The hierarchical model used in this analysis is structured as follows:

Let \(y_i\) represent the observed data for the \(i\)-th observation, and \(\mu_i\) represent the underlying true value for that observation.

For each observation \(i\) (ranging from 1 to \(N\)), \(\mu_i\) is assumed to follow a normal distribution with mean \(\mu_{\text{group}}[i]\), where \(\mu_{\text{group}}[i]\) is a group-specific mean corresponding to the group of the \(i\)-th observation. The variance of this normal distribution is \(\tau_{\text{group}}[i]\), representing the group-specific variance.

Additionally, the observed data \(y_i\) is assumed to follow a normal distribution with mean \(\mu_i\) and a common variance parameter \(\tau\).

The group-specific means \(\mu_{\text{group}}[i]\) are assumed to follow a normal distribution with mean \(\mu_{\text{prior}}\) and variance \(\tau_{\mu}\).

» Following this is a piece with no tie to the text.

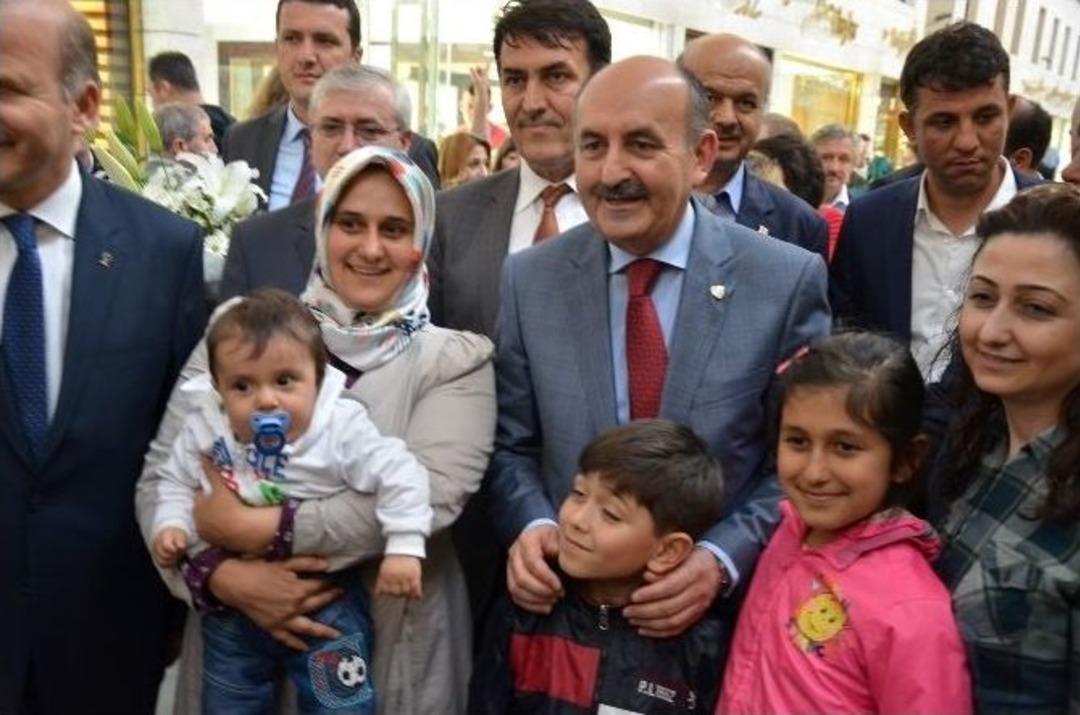 M&uuml;ezzinoğlu &Ccedil;ocukları Sevdi, Gen&ccedil;lere Nasihat Verdi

The hyperparameters \(\sigma\) and \(\sigma_{\mu}\) represent the standard deviations for the common variance \(\tau\) and the group-specific means’ variance \(\tau_{\mu}\) respectively.

The priors for \(\sigma\) and \(sigma_{\mu}\) are specified as uniform distributions between 0 and 100.

The prior for \(\mu_{\text{prior}}\) is assumed to be a normal distribution with mean 0 and a very small variance to reflect little prior information about the group means.

The hierarchical model aims to estimate the group-specific means and variances, as well as the common variance parameter, using the observed data and specified prior distributions.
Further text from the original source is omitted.